He doesn’t really want to kill anyone, I’m sure. He’s figured out that talking about killing gets the adults in a tizzy. It is interesting to see big people freaking out. In fact, when he is talking about wanting you to die or saying he is going to kill you, he is not really in the red zone: he is in the yellow “caution light” zone. In the red zone, when he is out of control, he bites and kicks and hits and throws things. Shouting and making threats means he is getting agitated, but is not yet there.

I have heard these threats myself. He makes them when he is irritated and he can feel his anger starting to rise.

You’re going to die soon, anyway, he told me from the back seat of the car over the weekend.

Are you threatening me? I asked. If he was, I needed to put a lid on it. But something about the way he said it made me think he was getting at something else.

No, but you’re a grownup and grownups die. I’m a kid, and it takes kids a long time to die. You’re going to die sooner than me. It wasn’t so much a threat as it was a reminder of my mortality. And to let me know that he isn’t going to miss me one bit when I finally buy the farm.

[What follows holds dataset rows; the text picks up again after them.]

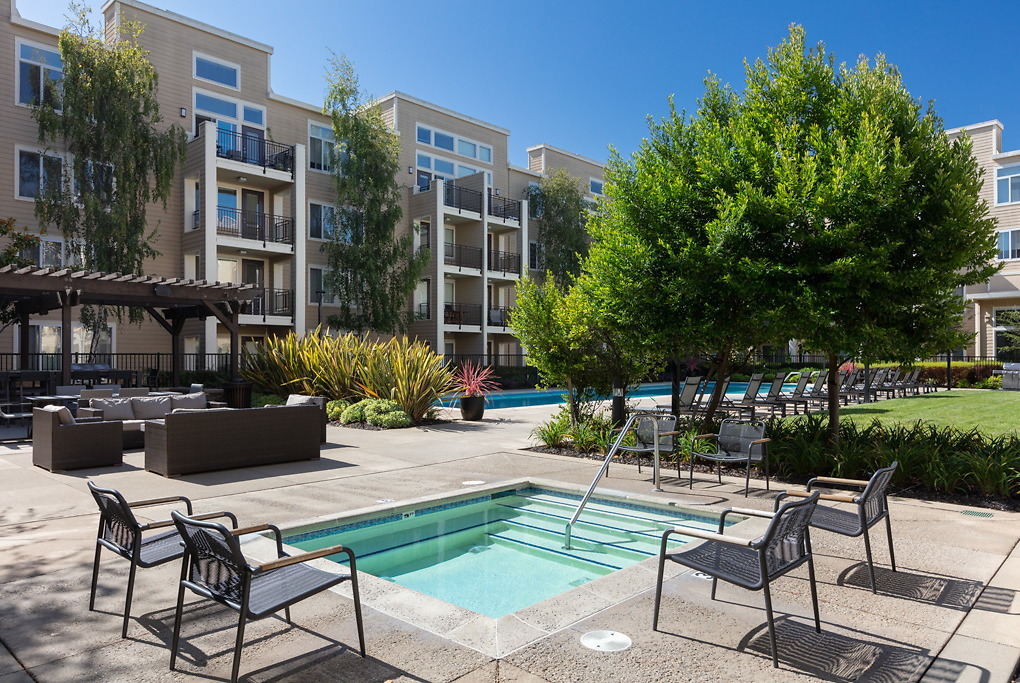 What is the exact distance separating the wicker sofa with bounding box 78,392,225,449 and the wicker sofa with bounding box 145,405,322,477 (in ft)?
6.64

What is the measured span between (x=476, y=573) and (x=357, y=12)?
49.8ft

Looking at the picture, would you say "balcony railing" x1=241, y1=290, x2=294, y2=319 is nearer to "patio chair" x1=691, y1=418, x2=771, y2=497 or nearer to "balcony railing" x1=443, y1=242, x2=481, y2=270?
"balcony railing" x1=443, y1=242, x2=481, y2=270

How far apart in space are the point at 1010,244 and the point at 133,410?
3659cm

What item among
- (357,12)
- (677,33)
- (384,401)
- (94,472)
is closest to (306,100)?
(357,12)

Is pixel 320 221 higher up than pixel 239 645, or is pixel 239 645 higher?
pixel 320 221

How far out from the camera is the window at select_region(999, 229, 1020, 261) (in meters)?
32.2

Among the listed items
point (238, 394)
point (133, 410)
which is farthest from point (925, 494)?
point (238, 394)

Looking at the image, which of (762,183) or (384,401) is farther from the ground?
(762,183)

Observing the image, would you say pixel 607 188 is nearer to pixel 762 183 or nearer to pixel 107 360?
pixel 762 183

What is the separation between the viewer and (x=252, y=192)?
2658 centimetres

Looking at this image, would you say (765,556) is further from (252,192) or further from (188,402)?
(252,192)

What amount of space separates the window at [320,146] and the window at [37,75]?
8920 millimetres

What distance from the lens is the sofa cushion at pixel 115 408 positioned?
11.2m

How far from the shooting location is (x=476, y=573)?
5.63 m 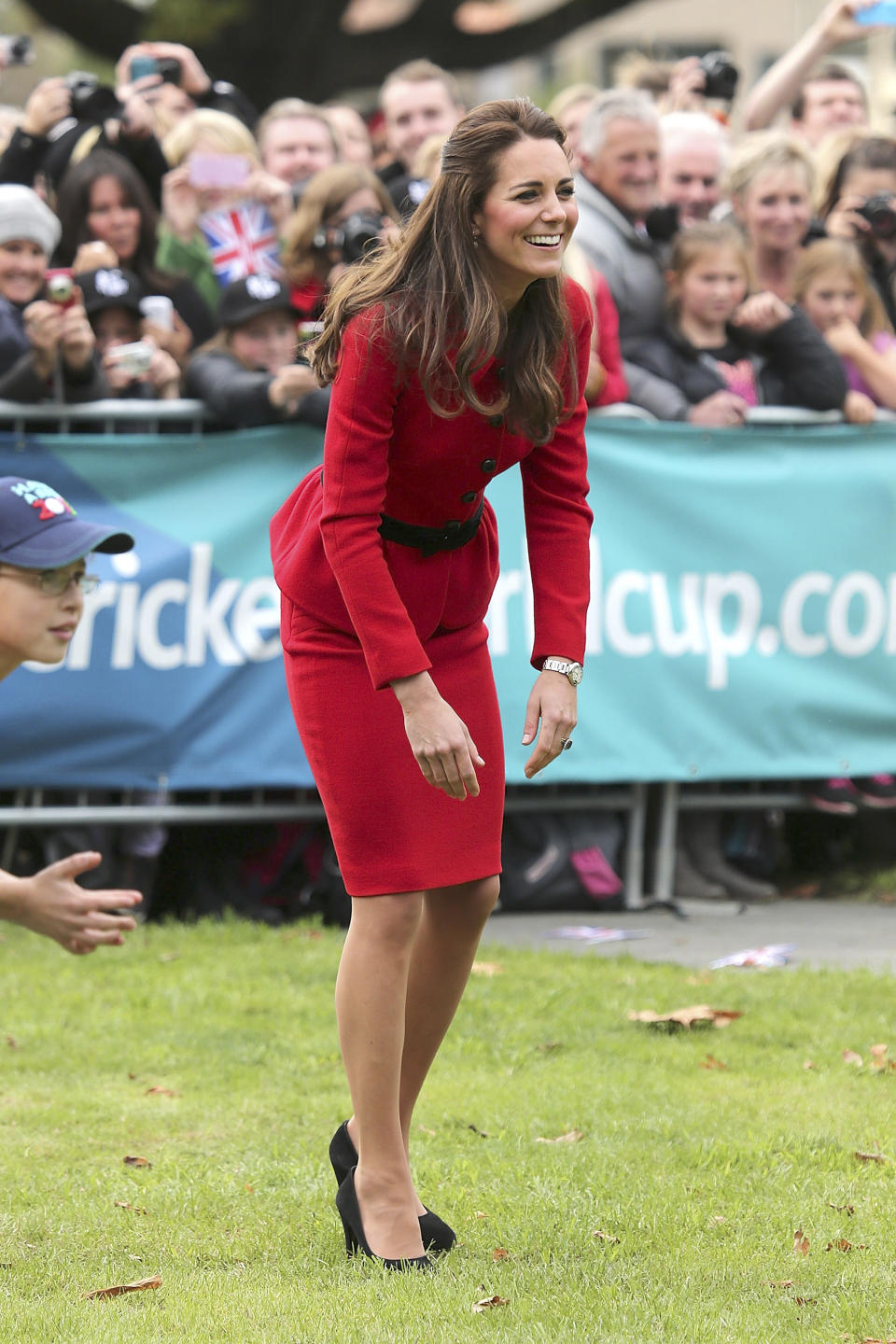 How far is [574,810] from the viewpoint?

That’s true, I told him, Everybody dies.

“They put me in another team in music class,” he said, to explain why the day had so many incidents. “I don’t like the new team. That made me mad.” An unexpected change can put a cloud over his day like nothing else. He doesn't like changes at all, and he hates being blindsided most of all.

“Were all the kids put in new teams?”

“No, just me. Before, I was on the yellow team. There were two teams, yellow and blue. Now I’m in a team with different kids and I don’t like them. Hey, this tattoo glows in the dark.” He didn’t pause when he changed subjects. He has a little temporarily tattoo of a carrot wearing a skeleton costume, and the darkening evening sky was revealing a new delight about it. His grandmother bought some little bags of baby carrots labeled as “scarrots” and for health conscious people to hand out to trick-or-treaters (they were on clearance), and they came with a stack of costumed carrot tattoos to hand out with them. You haven’t seen odd until you’ve seen a carrot’s skeleton; it’s all skull and spine and ribs, with no limbs. I wore one last night that looked like a ghost with a tiny bit of orange carrot sticking out the bottom of a white sheet.

“What color team are you on now?”

“I don’t know if it has a color. It’s just a different team. I’m mad. I had to go to the office. The principal said its okay if I shake when I’m mad, but I can’t act mean.”

“You were shaking?”

“Yeah, from being mad.”

“She’s right: it’s okay to shake. But it’s not okay to hurt anyone. You understand that?”

He said he did.

He agreed he would try for a better day tomorrow.

I told him I knew he could do it.

Still, it wasn’t the worst day ever.